If your injury causes episodes of knee instability, the cartilage in your knee can become torn and you may develop arthritis in the joint.
What treatment is best depends on the extent of your injury and whether it just happened (acute) or you've had it for a while (chronic). For an isolated PCL tear, with no damage to other parts of the knee joint or shinbone, you probably won't need surgery. Many people with a minor PCL injury can return to their previous level of activity after completing a rehabilitation program, which may take from one to four months.
If you have a bad PCL tear combined with other torn ligaments, cartilage damage or a broken bone, you may need surgery to reconstruct the joint. Surgery may also help if your knee remains unstable after a rehabilitation program. If your doctor recommends surgery, it's best to have it within two to three weeks of your injury. After surgery you'll go through a rehabilitation program. Full recovery may take several months.
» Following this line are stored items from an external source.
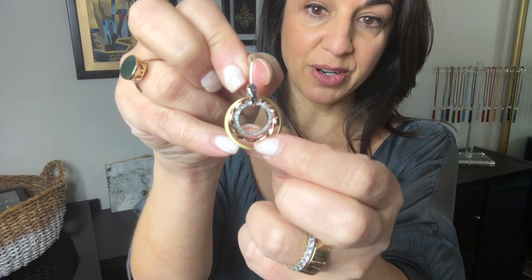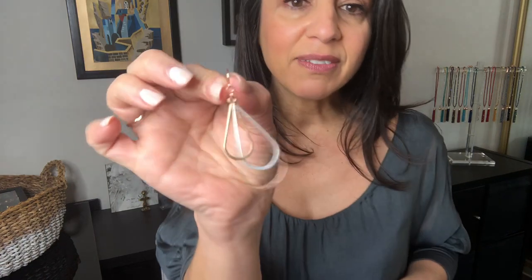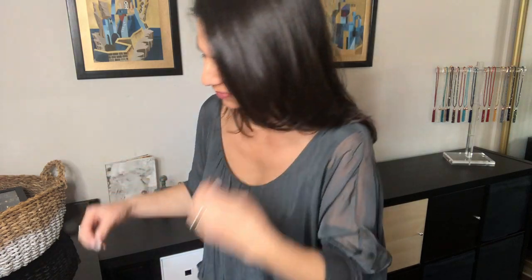Then I've got triple tone — triple tone always goes so well. This is a matte gold ring, a twisted rose gold, and a really cute glittery silvery circle. What I love about triple tone is that no matter what other jewelry you're wearing, it's going to go with it. Another triple tone set: you've got yellow gold, rose, and silver. When your hair is dark and you're wearing something like that, it's really going to show.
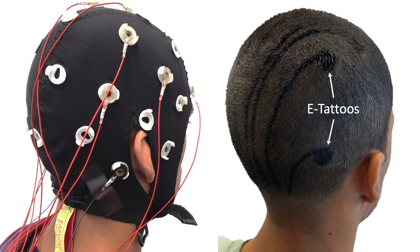E-tattoos, or epidermal electronics, present an alternative. These ultra-thin flexible devices can perform non-invasive biometric sensing on the skin, but traditional methods struggle with hairy or curved surfaces.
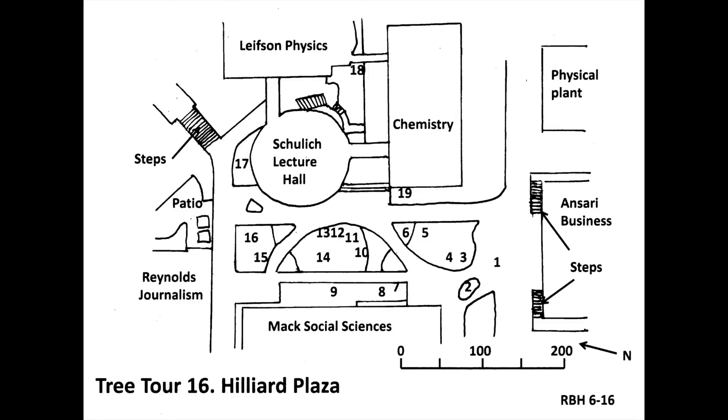Please press pause and proceed around Schulich, go down the steps to number eighteen on the southwest corner of the Leifson Physics Building, and press play. This is a Japanese Flowering Cherry, scientific name Prunus serrulata, planted 1972. Japanese Flowering Cherry is native to Japan, China, and Korea. Its leaves are finely toothed, and this particular tree has a profusion of white one-inch flowers and blush fall color. This particular tree is the Nevada State Champion.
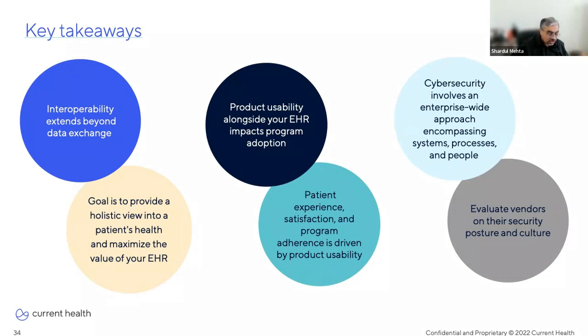And finally on cybersecurity: take an enterprise-wide approach that includes the systems, processes, and people — and that extends equally to your care-at-home platform provider or any vendor you work with. Evaluate those vendors on their security posture and culture of security, which goes beyond just having security certifications. In other words, do they really walk the talk, and would they truly be a partner to you? Consider evaluating them through the lens of the CIA triad model — confidentiality, integrity, and availability — which can be a useful framework to get started.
To treat the acute injury :
- Apply ice packs to your knee for 20 to 30 minutes every three to four hours for two to three days or until the pain goes away
- Elevate your knee by placing a pillow underneath it
- Take pain relievers such as ibuprofen (Advil, Motrin, others) as needed
- Wrap an elastic bandage around your knee
- Use a splint or walk with crutches if needed
Knee brace or other devices
You may need to avoid putting weight on your injured knee for several weeks. You may wear a knee brace to protect the knee during activity and keep it stable. Using crutches also can decrease strain on your knee.
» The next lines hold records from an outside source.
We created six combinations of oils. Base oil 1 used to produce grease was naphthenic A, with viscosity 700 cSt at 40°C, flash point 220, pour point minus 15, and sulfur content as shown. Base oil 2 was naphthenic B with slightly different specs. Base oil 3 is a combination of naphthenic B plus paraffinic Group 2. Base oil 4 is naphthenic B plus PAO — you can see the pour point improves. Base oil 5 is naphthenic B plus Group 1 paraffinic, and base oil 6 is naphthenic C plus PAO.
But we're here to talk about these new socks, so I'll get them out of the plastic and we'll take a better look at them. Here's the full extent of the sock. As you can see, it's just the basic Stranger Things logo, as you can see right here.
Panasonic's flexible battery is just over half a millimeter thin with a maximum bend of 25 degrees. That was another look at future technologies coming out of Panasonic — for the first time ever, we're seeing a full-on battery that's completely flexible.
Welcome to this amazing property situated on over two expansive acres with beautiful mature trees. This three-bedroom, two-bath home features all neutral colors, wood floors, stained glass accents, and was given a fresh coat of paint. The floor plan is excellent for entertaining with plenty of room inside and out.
After the swelling in your knee goes down, you'll begin a program of exercises to strengthen your front thigh muscles (quadriceps) and restore your knee's normal range of motion. These exercises may include straight leg raises and isometrics. Gradually you'll add more weight-bearing exercises, such as squats and leg presses, and you'll progress with isolated quadriceps strengthening.
PCL reconstruction surgery uses arthroscopic techniques to rebuild the ligament. The surgeon inserts a narrow, flexible instrument (arthroscope) with a light and a small camera at the tip into one or two small incisions. This allows the surgeon to see the inside of the knee joint and make the repairs. The surgeon rebuilds the ligament by using a piece (graft) of tendon, usually from a cadaver, or from a tendon in your leg. If some of the shinbone has been pulled off with the torn ligament, the surgeon places screws in the joint.
Unfortunately, most PCL injuries happen during accidents that usually aren't preventable. But these suggestions may help you avoid an injury :
- Do strengthening exercises for your upper leg muscles (quadriceps and hamstrings), which protect your knee.
- Maintain a good leg-stretching routine.
- Use proper techniques when playing sports or exercising.